## EXERCISE DIRECTIONS
Repeat the records below exactly, beginning at the first line and finishing with the line that contains "Shop Haute House".

## Items listed in a dataset
══════════

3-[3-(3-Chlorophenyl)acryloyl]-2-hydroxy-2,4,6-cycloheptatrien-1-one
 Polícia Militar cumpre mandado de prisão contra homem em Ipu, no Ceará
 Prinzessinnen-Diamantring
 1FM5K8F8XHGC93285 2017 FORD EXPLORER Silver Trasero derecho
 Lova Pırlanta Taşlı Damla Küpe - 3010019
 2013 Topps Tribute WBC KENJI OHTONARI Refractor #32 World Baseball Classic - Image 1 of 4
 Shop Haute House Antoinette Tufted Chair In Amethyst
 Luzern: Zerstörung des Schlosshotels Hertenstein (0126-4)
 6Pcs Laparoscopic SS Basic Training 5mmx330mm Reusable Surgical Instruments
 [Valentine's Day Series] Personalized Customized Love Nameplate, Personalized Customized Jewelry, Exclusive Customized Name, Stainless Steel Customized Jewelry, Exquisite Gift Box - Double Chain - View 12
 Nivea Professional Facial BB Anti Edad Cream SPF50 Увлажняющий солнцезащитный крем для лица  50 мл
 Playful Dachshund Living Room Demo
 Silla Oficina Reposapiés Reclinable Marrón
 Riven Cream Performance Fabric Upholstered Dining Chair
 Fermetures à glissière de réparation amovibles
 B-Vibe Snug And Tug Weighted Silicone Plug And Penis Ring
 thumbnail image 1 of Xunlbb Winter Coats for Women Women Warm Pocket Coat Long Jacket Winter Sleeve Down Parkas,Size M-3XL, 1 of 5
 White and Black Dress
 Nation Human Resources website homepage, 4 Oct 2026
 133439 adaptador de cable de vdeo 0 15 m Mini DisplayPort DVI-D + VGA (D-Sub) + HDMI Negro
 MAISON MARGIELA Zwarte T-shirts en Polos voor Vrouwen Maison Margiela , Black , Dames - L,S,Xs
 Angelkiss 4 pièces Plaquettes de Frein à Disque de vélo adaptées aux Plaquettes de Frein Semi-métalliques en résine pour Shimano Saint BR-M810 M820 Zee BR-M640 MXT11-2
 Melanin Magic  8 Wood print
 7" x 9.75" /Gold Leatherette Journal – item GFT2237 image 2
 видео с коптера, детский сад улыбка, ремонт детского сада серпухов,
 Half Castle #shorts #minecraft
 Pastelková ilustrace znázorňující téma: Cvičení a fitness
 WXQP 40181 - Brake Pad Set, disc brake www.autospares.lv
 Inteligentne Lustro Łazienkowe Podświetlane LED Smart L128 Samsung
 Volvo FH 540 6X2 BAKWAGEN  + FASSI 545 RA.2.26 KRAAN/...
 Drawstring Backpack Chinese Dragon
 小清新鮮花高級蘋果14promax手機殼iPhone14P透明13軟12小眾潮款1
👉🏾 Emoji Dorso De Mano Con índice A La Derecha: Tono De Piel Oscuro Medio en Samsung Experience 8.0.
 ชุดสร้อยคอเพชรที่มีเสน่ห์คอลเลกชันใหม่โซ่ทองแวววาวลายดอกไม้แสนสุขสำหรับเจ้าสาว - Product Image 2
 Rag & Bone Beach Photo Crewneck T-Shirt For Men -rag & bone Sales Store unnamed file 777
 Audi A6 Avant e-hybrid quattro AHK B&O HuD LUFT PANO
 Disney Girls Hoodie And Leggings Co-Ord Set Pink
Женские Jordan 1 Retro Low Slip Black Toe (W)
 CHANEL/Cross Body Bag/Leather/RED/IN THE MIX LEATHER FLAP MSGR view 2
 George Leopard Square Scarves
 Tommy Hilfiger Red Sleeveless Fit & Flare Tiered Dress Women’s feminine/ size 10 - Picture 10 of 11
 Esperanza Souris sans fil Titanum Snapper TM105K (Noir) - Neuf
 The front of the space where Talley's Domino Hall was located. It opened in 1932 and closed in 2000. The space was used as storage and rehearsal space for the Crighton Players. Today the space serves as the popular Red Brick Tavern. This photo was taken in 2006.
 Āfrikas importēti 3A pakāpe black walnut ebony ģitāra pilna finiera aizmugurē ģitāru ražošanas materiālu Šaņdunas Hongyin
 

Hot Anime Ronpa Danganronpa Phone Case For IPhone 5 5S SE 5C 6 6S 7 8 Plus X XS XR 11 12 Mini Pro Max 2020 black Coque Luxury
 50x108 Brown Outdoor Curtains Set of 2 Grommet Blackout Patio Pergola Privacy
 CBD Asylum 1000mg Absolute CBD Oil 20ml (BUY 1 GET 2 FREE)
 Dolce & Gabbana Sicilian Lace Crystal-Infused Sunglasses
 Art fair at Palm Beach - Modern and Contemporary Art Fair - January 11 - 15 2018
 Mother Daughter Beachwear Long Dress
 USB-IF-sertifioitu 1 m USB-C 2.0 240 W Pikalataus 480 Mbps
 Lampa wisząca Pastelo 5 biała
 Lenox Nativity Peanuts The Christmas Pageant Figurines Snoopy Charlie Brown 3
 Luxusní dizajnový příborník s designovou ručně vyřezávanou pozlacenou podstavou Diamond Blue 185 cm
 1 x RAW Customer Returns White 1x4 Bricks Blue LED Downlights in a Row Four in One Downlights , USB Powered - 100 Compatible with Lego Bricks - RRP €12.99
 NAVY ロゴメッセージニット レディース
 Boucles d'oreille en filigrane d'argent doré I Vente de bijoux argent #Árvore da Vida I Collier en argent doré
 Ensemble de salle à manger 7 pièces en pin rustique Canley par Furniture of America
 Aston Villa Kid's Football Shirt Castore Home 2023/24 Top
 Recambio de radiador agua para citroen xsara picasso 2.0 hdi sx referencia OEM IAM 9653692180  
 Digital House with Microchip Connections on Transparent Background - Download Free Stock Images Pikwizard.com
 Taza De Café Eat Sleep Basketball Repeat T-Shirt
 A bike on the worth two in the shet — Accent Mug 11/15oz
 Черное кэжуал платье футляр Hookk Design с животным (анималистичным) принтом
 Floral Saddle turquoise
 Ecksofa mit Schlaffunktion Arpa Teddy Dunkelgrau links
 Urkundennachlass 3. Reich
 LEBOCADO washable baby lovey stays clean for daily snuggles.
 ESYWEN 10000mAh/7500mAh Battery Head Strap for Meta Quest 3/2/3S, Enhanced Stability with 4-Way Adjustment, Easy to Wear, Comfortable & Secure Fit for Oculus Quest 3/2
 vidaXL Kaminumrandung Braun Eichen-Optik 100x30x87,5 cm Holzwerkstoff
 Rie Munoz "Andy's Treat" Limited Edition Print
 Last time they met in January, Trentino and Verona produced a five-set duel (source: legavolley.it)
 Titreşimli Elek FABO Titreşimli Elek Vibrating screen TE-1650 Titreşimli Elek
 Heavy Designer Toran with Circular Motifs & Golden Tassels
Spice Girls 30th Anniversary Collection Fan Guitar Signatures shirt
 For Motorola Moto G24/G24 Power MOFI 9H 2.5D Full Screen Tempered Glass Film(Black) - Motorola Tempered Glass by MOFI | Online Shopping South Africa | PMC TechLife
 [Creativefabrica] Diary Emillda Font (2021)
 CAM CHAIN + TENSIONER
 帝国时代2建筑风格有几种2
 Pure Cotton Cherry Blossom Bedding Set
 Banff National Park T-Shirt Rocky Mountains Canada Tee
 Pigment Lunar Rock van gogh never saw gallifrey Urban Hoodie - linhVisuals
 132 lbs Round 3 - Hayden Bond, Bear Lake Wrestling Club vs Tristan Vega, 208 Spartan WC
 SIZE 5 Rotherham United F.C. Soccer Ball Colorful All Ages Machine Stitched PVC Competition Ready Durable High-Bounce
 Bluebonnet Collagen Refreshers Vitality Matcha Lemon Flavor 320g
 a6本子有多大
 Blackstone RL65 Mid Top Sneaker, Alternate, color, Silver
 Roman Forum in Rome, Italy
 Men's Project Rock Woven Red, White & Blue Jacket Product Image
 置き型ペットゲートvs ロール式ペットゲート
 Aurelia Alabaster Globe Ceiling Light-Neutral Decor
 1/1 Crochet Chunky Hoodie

══════════

## TASK RESULT
3-[3-(3-Chlorophenyl)acryloyl]-2-hydroxy-2,4,6-cycloheptatrien-1-one
 Polícia Militar cumpre mandado de prisão contra homem em Ipu, no Ceará
 Prinzessinnen-Diamantring
 1FM5K8F8XHGC93285 2017 FORD EXPLORER Silver Trasero derecho
 Lova Pırlanta Taşlı Damla Küpe - 3010019
 2013 Topps Tribute WBC KENJI OHTONARI Refractor #32 World Baseball Classic - Image 1 of 4
 Shop Haute House Antoinette Tufted Chair In Amethyst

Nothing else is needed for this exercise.